Strategy CEO Phong Le reinforced these claims in a recent interview, saying: The measures are “poorly informed and poorly planned.”

In his words:

They characterize us as a fund rather than an operating company. We are not a passive vehicle, but a company with a traditional corporate structure and daily activities. The 50% threshold is arbitrary and difficult to enforce. Companies that rise from 55% to 30% will be subject to an unworkable mechanism. The main concern is that the indicators need to be neutral and that public policy considerations are introduced here.
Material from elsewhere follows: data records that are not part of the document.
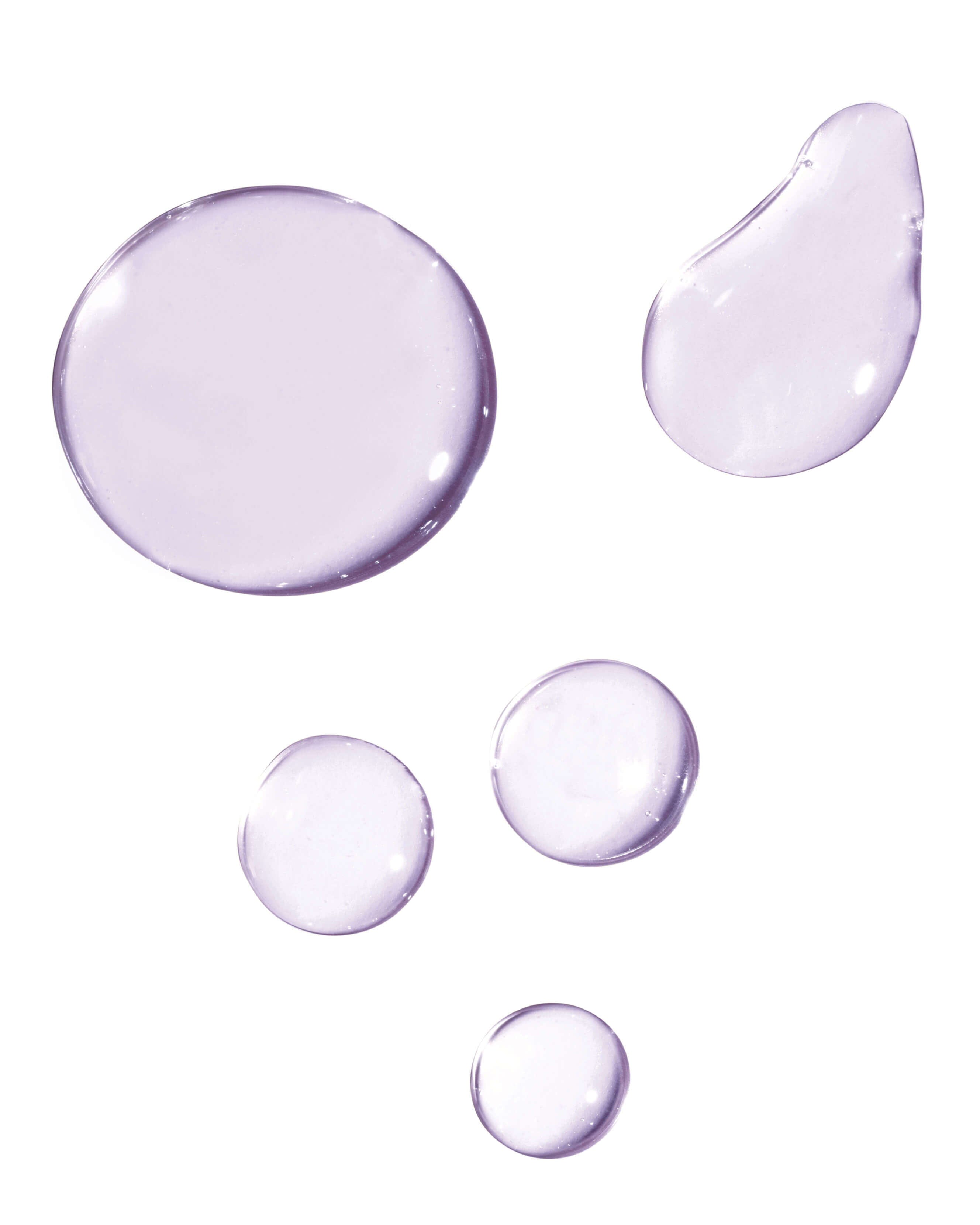 Dream Night Serum with Bio-Retinol 2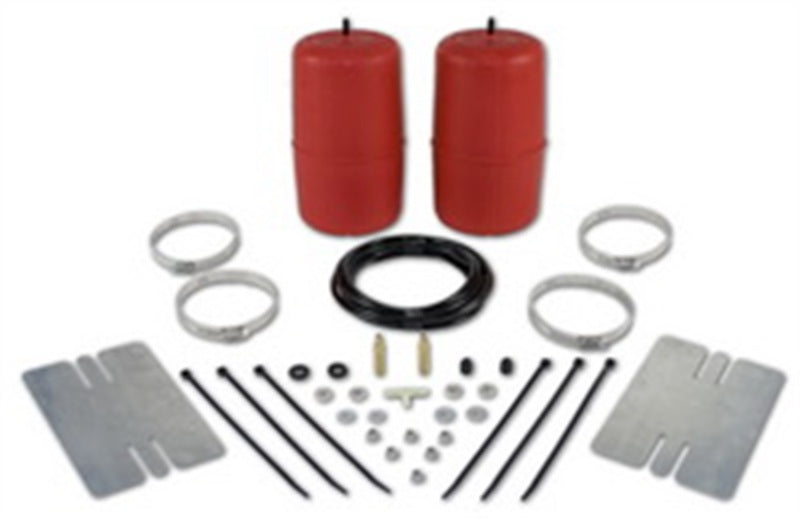 Air Lift 60786 ALF 1000 Air Spring Kits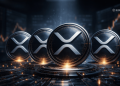 XRP Price Prediction Hits $13 – Here Is Why This Crypto Call Feels Overheated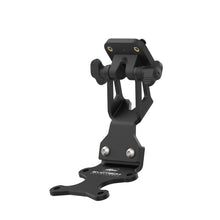 Evotech Garmin Navigatiesteun - Ducati Diavel 1260 S (2019 - 2022)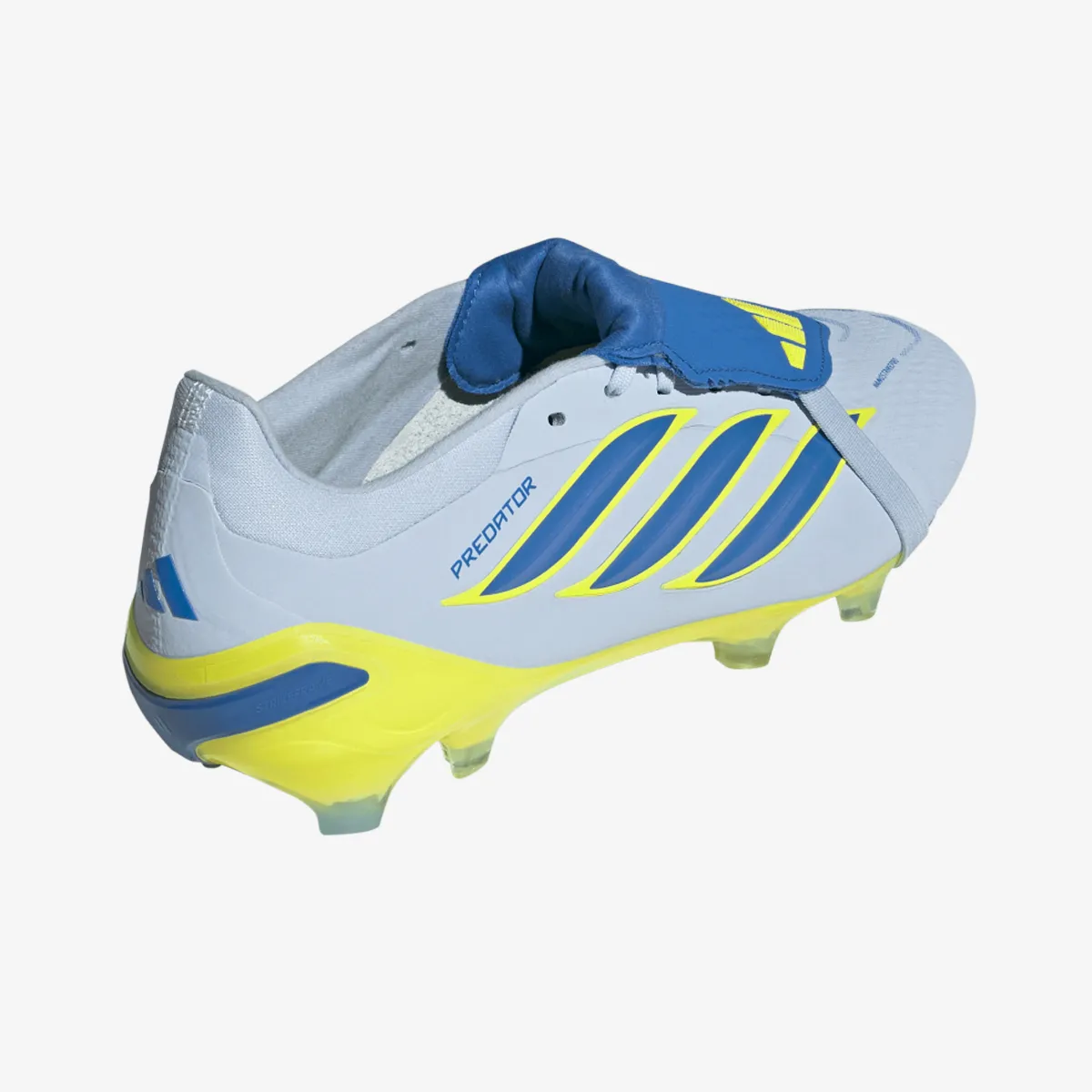 adidas Kopačke PREDATOR PRO FT FG 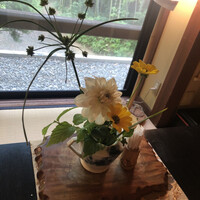 ぬなわや -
When applying this criterion, companies like Chevron and Newmont should also be excluded due to their concentrated assets.

Phong Le, Strategy CEO;

Additionally, he expected: Accelerating the growth of Bitcoin-based financial services He questioned whether MSCI intends to discontinue this development in the near future.

“We will see full Bitcoin custodial services, exchanges, lending, staking, and new industries begin to flourish. “It is therefore strange that the index would now decide to stifle this progress and openly oppose what the US government has supported,” he said.

MSCI has not yet made a final decision. We’ll find out on January 15th. Meanwhile, Strategy argues that excluding companies with large Bitcoin reserves would distort the index’s function and send a negative signal to the sector. The company requested an extended consultation period before adopting the changes.